Dismiss Notice
Join Physics Forums Today!
The friendliest, high quality science and math community on the planet! Everyone who loves science is here!

Drastically decreasing capacitor ESR

  1. Aug 14, 2010 #1
    Hey all,

    I'm and Aerospace undergrad at Cal Poly working on my senior project, which has turned out to be more of a EE project than anything else.

    Anyways, I'm building a capacitor bank for the firing of an electromagnetic rail gun. I'm attempting to make a PFN (pulse forming network) and capacitor ESR is KILLING me when it comes to buying a lot of cheap(ish) capacitors for my capacitor bank. Is there any way to practically eliminate ESR of a SINGLE capacitor. I am already connecting capacitors in series and parallel, and that can only decrease the ESR so much without buying a thousand of them. I would like to decrease ESR by orders of magnitude.

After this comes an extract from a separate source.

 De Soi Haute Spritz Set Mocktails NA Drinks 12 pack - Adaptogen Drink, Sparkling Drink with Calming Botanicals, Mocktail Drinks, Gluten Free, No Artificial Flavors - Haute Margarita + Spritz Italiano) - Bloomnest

Any thoughts??

    One thought that I have had was connecting another resistor in parallel, that seems to increase current, but not the overall dampening of the system, as the PFN i'm working with is a slightly underdamped system, and the addition of capacitor ESR is causing it to dampen out to an unusable state.

    PS: I am simulating these circuits using matlab and simulink, and it seems to be a very reliable method, so please do not hesitate on just throwing an idea out there with no mathematical backing. I WILL just throw it into matlab and see what pops out. :approve:

    For any additional thoughts/questions about our railgun we are designing please email me at the email in my account here (jeffmaniglia@gmail.com), please don't post generic rail gun stuff in this thread, i'd like it to stay on topic. :wink:
     
  2. jcsd
  3. Aug 14, 2010 #2
    Have you looked at the gigantic capacitors that they use in car audio systems? They have low ESR ('cause they're so big). They can be as big as 1 whole Farad or more. Maybe instead of using many small inductors and caps you could use only a few big inducutors and caps. Bigger coils with thicker gauged wire and massive caps will have less passive resistance.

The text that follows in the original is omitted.